● **Problem statement**
Return each line of the data below verbatim; pictures are to be left out.

● **Data block**
╔══

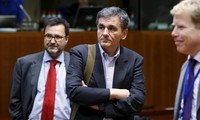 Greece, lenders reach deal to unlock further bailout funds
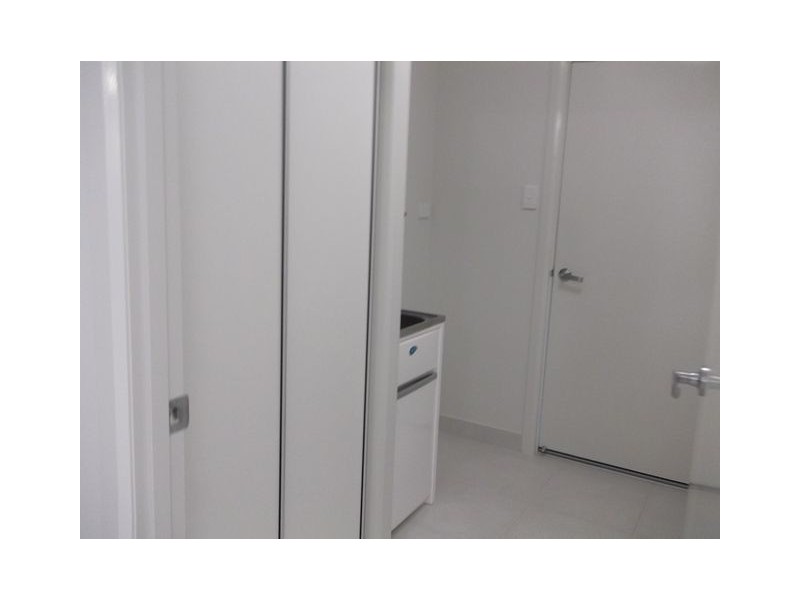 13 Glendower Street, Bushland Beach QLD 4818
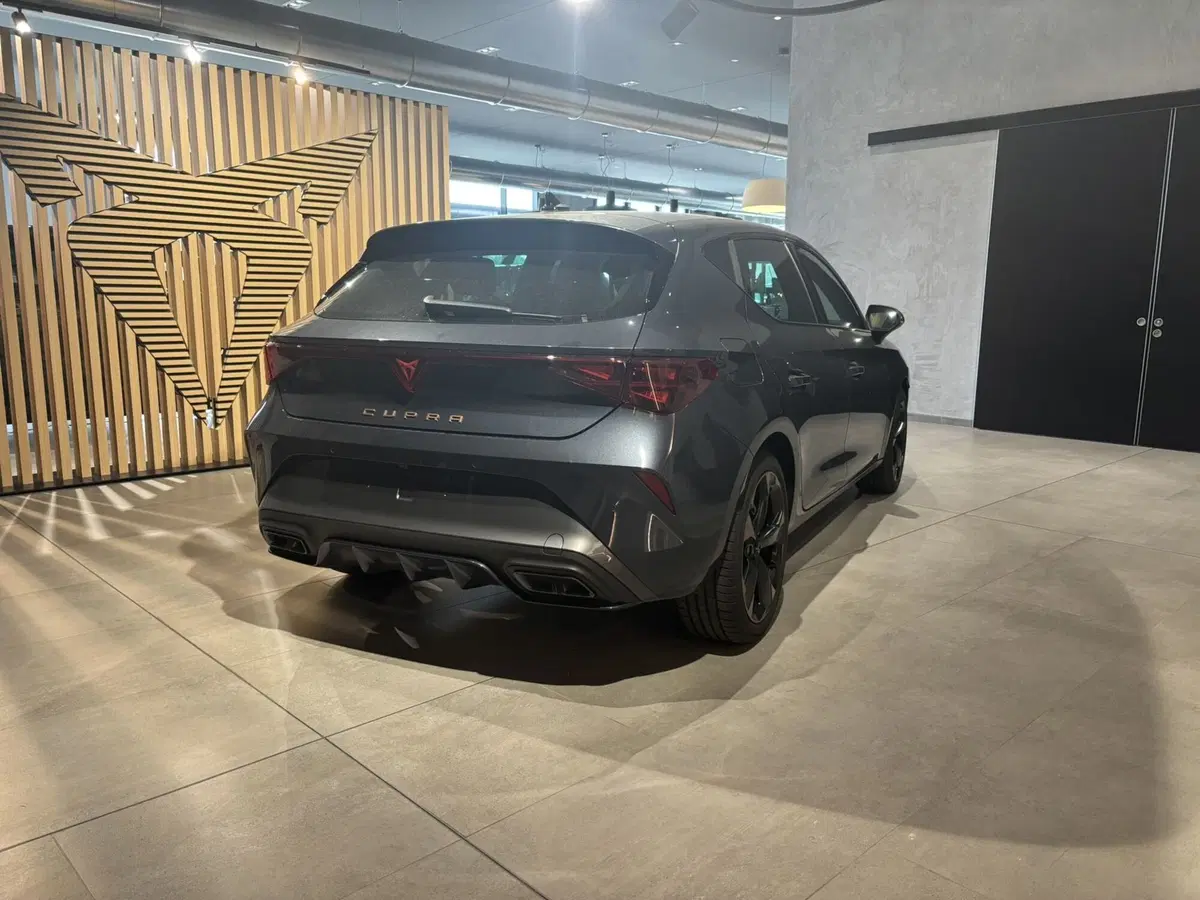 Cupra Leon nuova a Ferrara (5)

╚══

● **Result for this task**
 Greece, lenders reach deal to unlock further bailout funds
 13 Glendower Street, Bushland Beach QLD 4818
 Cupra Leon nuova a Ferrara (5)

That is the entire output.